A Crash Course in Diffusion-based Models¶

An introduction to score matching¶

by Jakub Tomczak

Agenda¶

A quick recap: The ''Why'' behind (deep) generative modeling
What is the score function?
What is score matching?
How to train a score-matching model?
How to sample with a score-matching model?
Score matching and Diffusion-based models
An example
Appendix

The ''Why'' behind (deep) generative modeling¶

There is a beautiful quote from the abstract of (Song et al., 2020):

"Creating noise from data is easy; creating data from noise is generative modeling."

This could be schematically presented in the following figure.

No description has been provided for this image

What is the score function?¶

Keep in mind that our goal is to propose a model that turns noise to data in an iterative manner. Here is our first attempt. Imagine the following situation:

We have access to the real distribution $p_{real}(\mathbf{x})$, where $\mathbf{x} \in \mathcal{X}$.
We take any point in the data space at random (e.g., we sample from a uniform distribution over $\mathcal{X}$), $\hat{\mathbf{x}} \in \mathcal{X}$. There is a very high chance that $p_{real}(\hat{\mathbf{x}})$ is close to $0$, $p_{real}(\hat{\mathbf{x}}) \approx 0$.
The question is this: How to turn $\hat{\mathbf{x}}$ into a legit data point (i.e., an object that could be observed in real life)?
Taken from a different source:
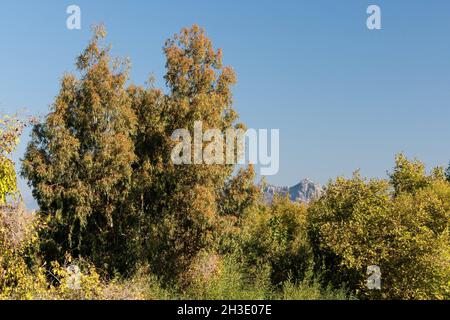 Eucalyptus de Longbeak, gomme rouge de rivière, gomme rouge de rivière (Eucalyptus camaldulensis), Groupe d'eucalyptus de Longbeak pour la déshydratation avec le Taurus occidental Banque D'Images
Actually, there is a good (i.e., relatively fast and theoretically well-grounded) method called stochastic gradient Langevin dynamics (SGLD), a.k.a. Langevine dynamics (Welling & Teh, 2011) that allows sampling from $p_{real}(\mathbf{x})$. If we start in $\mathbf{x}_0 \equiv \hat{\mathbf{x}}$, then by following this procedure:

\begin{equation} \mathbf{x}_{t + \Delta} = \mathbf{x}_{t} + \alpha\ \nabla_{\mathbf{x}_{t}} \ln p_{real}(\mathbf{x}) + \eta \cdot \epsilon , \end{equation}

where $\Delta$ is a small time increment, $\alpha > 0$, $\eta > 0$, and $\epsilon \sim \mathcal{N}(0, \mathbf{I})$, we eventually end up in a point $\mathbf{x}_{1}$ for which $p_{real}(\mathbf{x}_{0}) > 0$, and which is somewhere around a mode (i.e., data).
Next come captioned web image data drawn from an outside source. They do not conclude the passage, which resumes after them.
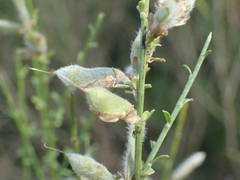Genista cinerea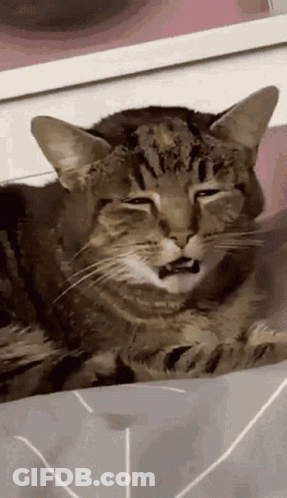 Funny Cat Laying On Bed GIF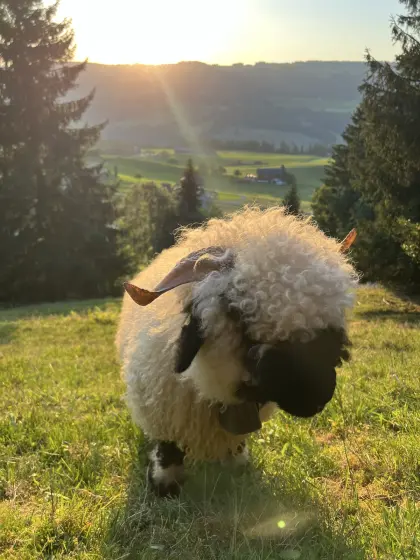 Suche Schaf/Ziegenweide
That is great! However, there is one big issue: we do not know the real distribution $p_{real}(\mathbf{x})$. What can we do?

Let us have another look at the SGLD step. Instead of knowing $p_{real}(\mathbf{x})$, it is enough to know the gradient of the logarithm of the real distribution, $\nabla_{\mathbf{x}} \ln p_{real}(\mathbf{x})$. This quantity is known as the score function: $$s(\mathbf{x}) \stackrel{df}{=} \nabla_{\mathbf{x}} \ln p_{real}(\mathbf{x}) .$$

Having $s(\mathbf{x})$ allows us to run SGLD to find new points. The score function is represented as vectors over a grid (left). As we can see, the score function indicates moving towards the modes, and thus, it steers Langevine dynamics (right).

What is score matching?¶

Instead of fitting a model to the data distribution, we can fit a model to the score function. Keep in mind that the score function is a gradient. Thus, it returns an object of the same shape as $\mathbf{x}$ that could be represented as a vector. Therefore, we can find the best model of the score function by optimizing the following regression problem (Hyvärinen & Dayan, 2005; Hyvärinen, 2007):

\begin{equation} \mathcal{J}(\theta) = \frac{1}{2} \int \| s_{\theta}(\mathbf{x}) - \nabla_{\mathbf{x}} \ln p_{data}(\mathbf{x}) \|^{2}\ p_{data}(\mathbf{x})\ \mathrm{d} \mathbf{x} . \end{equation} This integral is not anything special because it is the mean squared error loss, a typical loss used for regression.

The arising problem with the integral is that it is not differentiable since $p_{data}(\mathbf{x}) = \frac{1}{N} \sum_{n=1}^{N} \delta(\mathbf{x} - \mathbf{x}_n)$, where $\delta(\cdot)$ is Dirac's delta.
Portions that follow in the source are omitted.